**Assignment:** Please write out every line of the material, leaving out any picture.

**Dataset extract:**
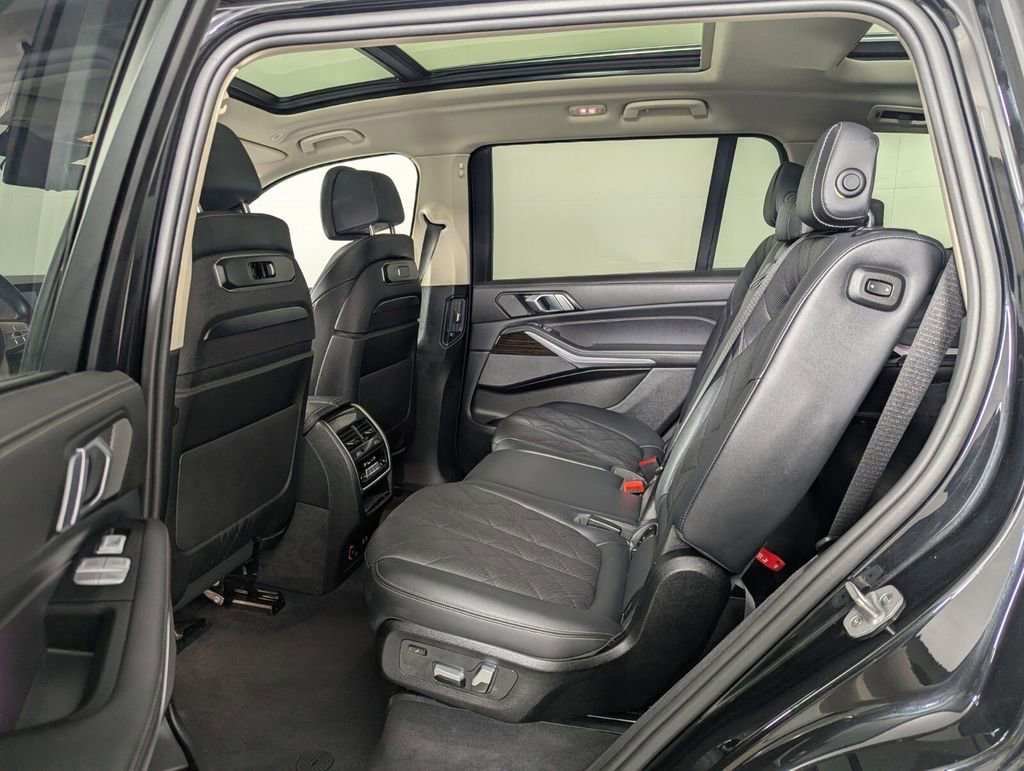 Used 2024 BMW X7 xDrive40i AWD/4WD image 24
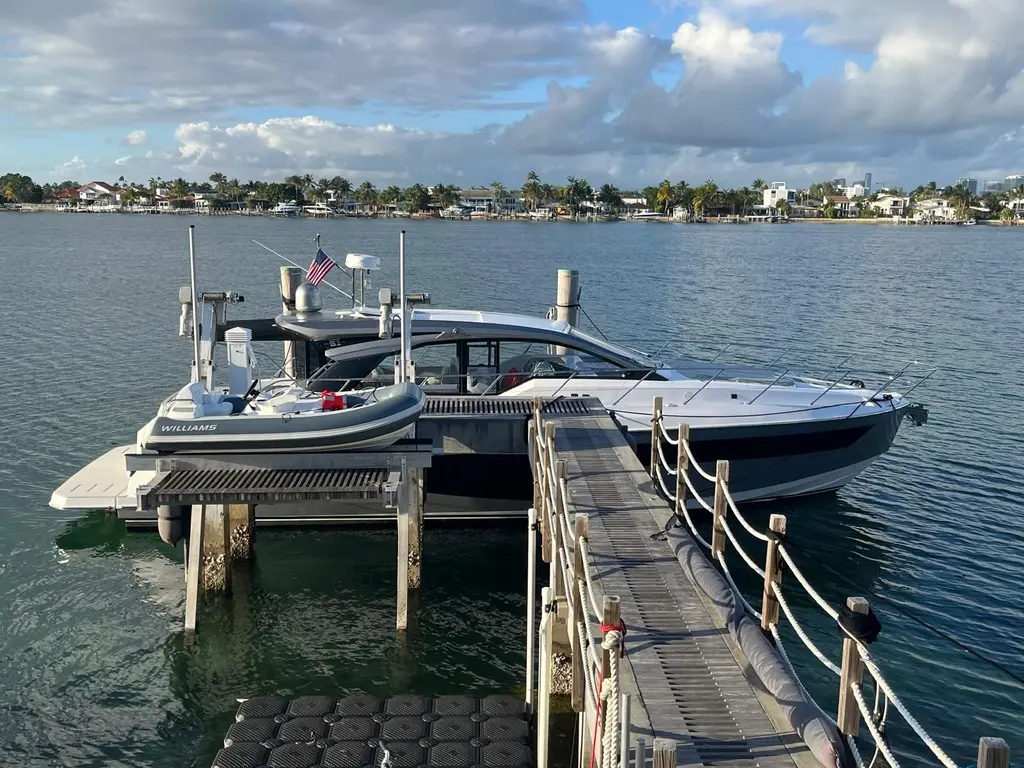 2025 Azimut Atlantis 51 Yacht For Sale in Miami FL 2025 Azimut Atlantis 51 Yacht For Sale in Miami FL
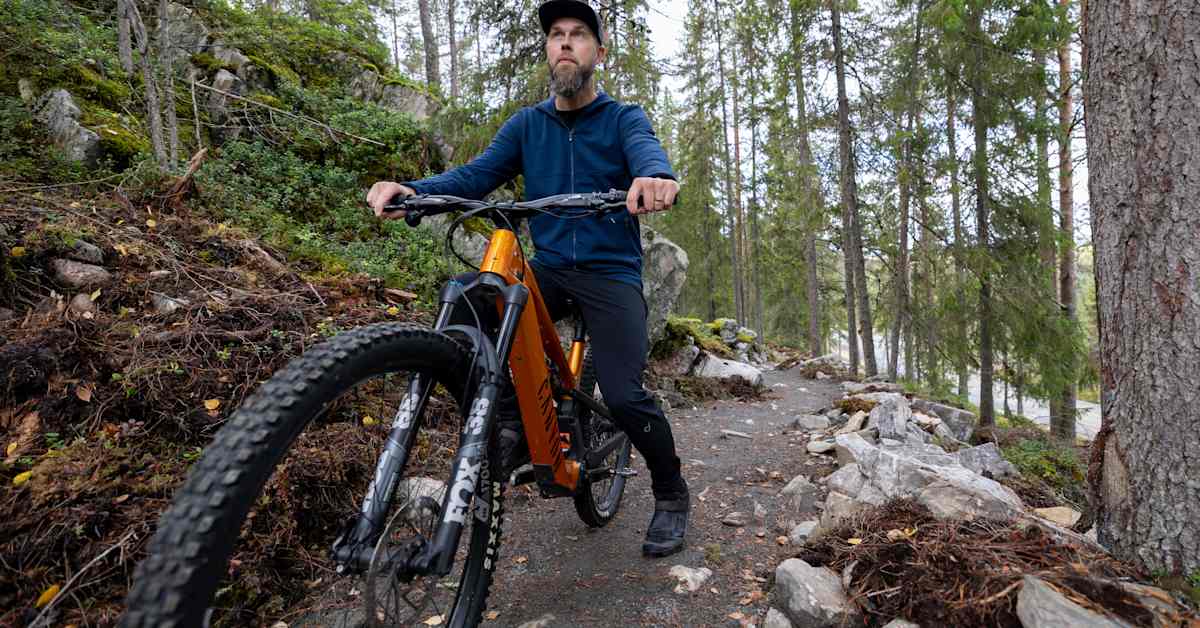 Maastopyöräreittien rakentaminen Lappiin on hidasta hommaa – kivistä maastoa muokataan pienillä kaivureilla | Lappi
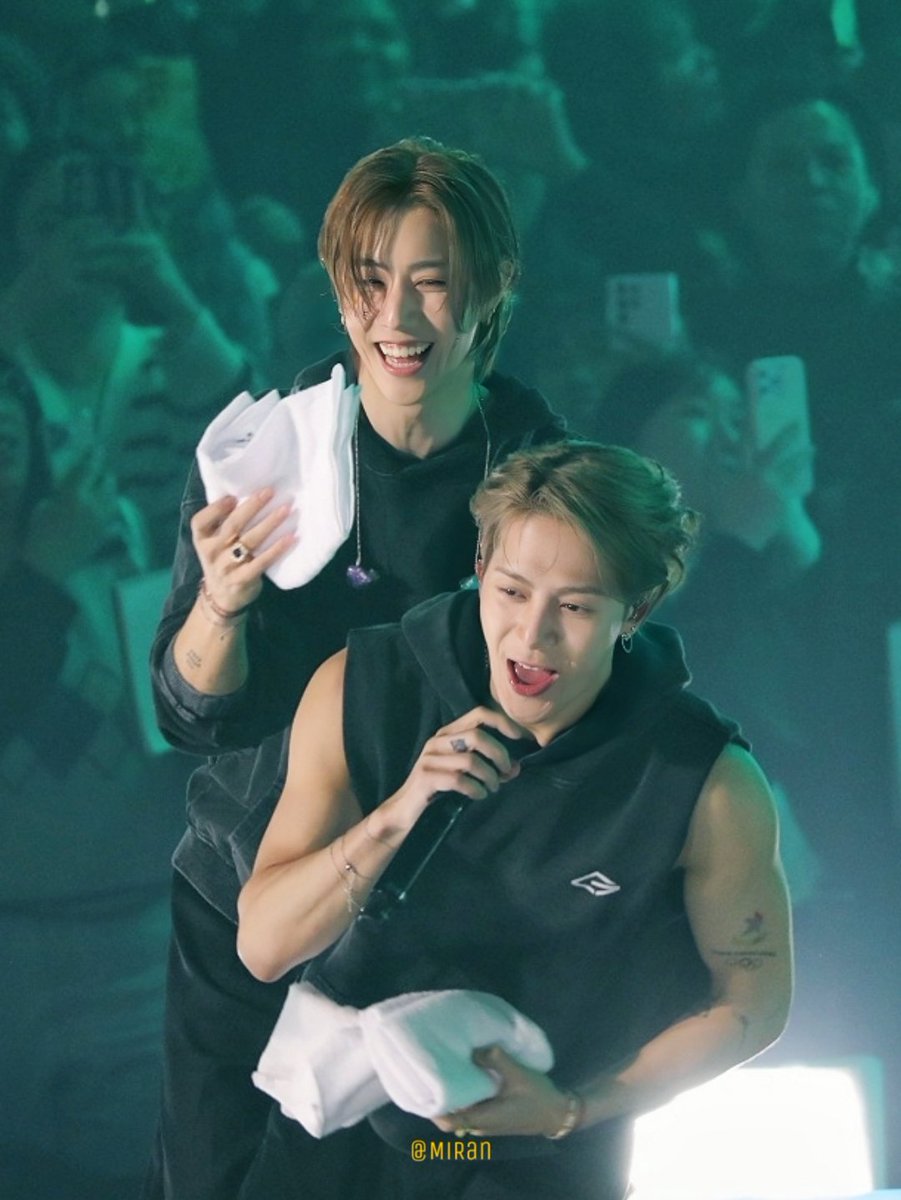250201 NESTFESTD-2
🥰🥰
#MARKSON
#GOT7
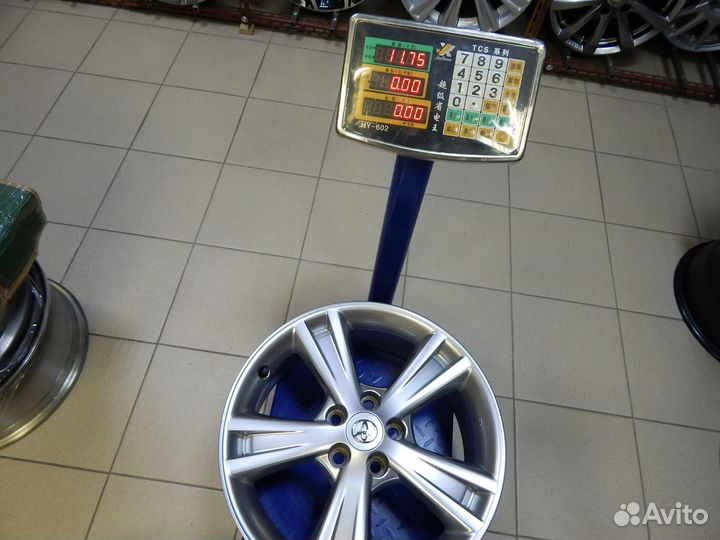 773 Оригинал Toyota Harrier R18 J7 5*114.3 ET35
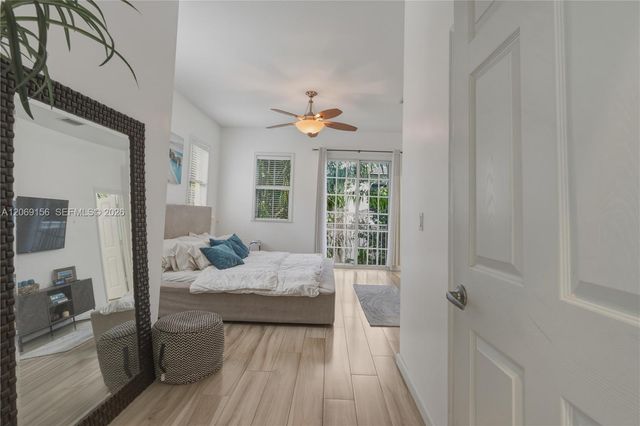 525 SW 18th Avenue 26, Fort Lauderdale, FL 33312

**Response to the task:**
 Used 2024 BMW X7 xDrive40i AWD/4WD image 24
 2025 Azimut Atlantis 51 Yacht For Sale in Miami FL 2025 Azimut Atlantis 51 Yacht For Sale in Miami FL
 Maastopyöräreittien rakentaminen Lappiin on hidasta hommaa – kivistä maastoa muokataan pienillä kaivureilla | Lappi
250201 NESTFESTD-2
🥰🥰
#MARKSON
#GOT7
 773 Оригинал Toyota Harrier R18 J7 5*114.3 ET35
 525 SW 18th Avenue 26, Fort Lauderdale, FL 33312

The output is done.